Description of the task:
Restate verbatim the span of lines below between the line with "Woman builder with calculator on white" and the line with "Millennium Bridge ramp", including those two lines, and only that span.

Supplied data:
↓
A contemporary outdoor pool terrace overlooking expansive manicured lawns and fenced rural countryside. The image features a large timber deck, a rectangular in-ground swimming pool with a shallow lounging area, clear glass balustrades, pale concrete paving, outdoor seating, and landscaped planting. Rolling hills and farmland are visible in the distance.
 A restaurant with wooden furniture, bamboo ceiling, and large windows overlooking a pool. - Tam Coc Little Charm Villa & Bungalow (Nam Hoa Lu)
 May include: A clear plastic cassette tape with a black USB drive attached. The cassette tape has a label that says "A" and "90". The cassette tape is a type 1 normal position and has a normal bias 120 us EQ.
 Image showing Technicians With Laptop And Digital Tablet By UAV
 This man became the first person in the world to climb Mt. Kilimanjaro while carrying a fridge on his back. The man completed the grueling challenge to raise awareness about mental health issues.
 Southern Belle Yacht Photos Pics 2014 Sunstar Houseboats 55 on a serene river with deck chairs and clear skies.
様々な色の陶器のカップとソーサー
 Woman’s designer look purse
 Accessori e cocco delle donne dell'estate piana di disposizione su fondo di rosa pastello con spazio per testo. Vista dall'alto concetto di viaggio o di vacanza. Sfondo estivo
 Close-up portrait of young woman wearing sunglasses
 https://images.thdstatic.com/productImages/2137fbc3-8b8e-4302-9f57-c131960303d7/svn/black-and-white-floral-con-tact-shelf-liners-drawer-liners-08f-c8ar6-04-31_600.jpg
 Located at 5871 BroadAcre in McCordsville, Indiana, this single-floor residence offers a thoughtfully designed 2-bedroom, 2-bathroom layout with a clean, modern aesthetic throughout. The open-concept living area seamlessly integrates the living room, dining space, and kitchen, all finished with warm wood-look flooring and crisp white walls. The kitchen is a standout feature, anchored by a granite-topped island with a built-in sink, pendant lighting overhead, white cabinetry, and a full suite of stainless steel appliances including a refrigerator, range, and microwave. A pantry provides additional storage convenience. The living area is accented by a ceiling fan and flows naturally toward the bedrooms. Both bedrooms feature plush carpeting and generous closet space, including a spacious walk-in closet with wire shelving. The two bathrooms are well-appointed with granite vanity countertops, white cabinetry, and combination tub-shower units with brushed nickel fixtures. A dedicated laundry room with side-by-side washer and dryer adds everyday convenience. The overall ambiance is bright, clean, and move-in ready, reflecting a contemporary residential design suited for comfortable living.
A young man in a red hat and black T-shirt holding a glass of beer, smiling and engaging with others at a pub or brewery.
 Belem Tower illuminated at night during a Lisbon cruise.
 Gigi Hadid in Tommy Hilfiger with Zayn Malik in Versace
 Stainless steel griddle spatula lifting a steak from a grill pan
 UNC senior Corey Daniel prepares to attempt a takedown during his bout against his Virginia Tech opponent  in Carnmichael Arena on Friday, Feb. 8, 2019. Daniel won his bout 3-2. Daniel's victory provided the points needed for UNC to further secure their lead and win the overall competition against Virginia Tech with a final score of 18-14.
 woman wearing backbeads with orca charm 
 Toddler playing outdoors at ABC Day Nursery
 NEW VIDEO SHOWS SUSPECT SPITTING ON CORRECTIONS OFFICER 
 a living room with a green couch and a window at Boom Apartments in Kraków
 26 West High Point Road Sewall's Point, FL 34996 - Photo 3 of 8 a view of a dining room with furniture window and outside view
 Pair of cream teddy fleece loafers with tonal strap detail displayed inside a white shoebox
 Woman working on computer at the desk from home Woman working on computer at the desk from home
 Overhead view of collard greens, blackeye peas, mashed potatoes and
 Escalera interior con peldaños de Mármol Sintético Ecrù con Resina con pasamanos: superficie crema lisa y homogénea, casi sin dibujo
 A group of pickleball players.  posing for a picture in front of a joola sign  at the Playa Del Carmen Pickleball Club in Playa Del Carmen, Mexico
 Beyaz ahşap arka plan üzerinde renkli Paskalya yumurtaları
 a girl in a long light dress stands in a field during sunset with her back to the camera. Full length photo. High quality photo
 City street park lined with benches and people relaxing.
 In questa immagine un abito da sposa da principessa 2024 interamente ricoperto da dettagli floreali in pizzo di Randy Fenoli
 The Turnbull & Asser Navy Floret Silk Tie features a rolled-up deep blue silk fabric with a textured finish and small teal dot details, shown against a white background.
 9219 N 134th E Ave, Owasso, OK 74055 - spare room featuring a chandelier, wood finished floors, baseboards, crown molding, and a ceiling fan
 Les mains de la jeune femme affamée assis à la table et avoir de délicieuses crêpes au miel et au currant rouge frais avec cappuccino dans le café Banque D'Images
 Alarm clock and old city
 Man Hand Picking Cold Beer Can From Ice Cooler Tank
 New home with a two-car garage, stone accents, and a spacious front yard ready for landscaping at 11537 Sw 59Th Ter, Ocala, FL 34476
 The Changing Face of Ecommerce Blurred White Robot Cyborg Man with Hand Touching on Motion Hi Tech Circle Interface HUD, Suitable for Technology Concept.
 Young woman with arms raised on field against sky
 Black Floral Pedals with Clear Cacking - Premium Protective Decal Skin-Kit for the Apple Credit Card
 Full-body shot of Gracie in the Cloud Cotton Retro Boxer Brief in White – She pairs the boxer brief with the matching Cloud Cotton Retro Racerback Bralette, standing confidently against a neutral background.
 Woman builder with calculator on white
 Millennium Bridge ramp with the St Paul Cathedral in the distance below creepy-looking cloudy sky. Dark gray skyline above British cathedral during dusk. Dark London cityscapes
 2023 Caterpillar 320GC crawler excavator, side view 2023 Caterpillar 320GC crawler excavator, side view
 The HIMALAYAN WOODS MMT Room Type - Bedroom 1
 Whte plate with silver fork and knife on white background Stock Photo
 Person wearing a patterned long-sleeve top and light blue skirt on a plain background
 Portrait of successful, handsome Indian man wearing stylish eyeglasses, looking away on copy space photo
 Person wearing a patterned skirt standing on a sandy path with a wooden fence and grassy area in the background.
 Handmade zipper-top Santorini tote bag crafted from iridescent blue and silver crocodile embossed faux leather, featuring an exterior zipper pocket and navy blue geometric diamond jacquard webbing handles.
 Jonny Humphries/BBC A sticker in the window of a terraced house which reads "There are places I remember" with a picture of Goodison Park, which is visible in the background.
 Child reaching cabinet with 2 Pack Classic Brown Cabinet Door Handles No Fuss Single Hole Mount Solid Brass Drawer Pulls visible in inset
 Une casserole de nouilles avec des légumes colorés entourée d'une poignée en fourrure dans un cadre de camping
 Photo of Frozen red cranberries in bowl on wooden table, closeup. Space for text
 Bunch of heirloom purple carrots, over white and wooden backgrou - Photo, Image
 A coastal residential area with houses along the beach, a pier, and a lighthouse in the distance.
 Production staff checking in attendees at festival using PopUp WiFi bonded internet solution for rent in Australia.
↑
Solution:
 Woman builder with calculator on white
 Millennium Bridge ramp with the St Paul Cathedral in the distance below creepy-looking cloudy sky. Dark gray skyline above British cathedral during dusk. Dark London cityscapes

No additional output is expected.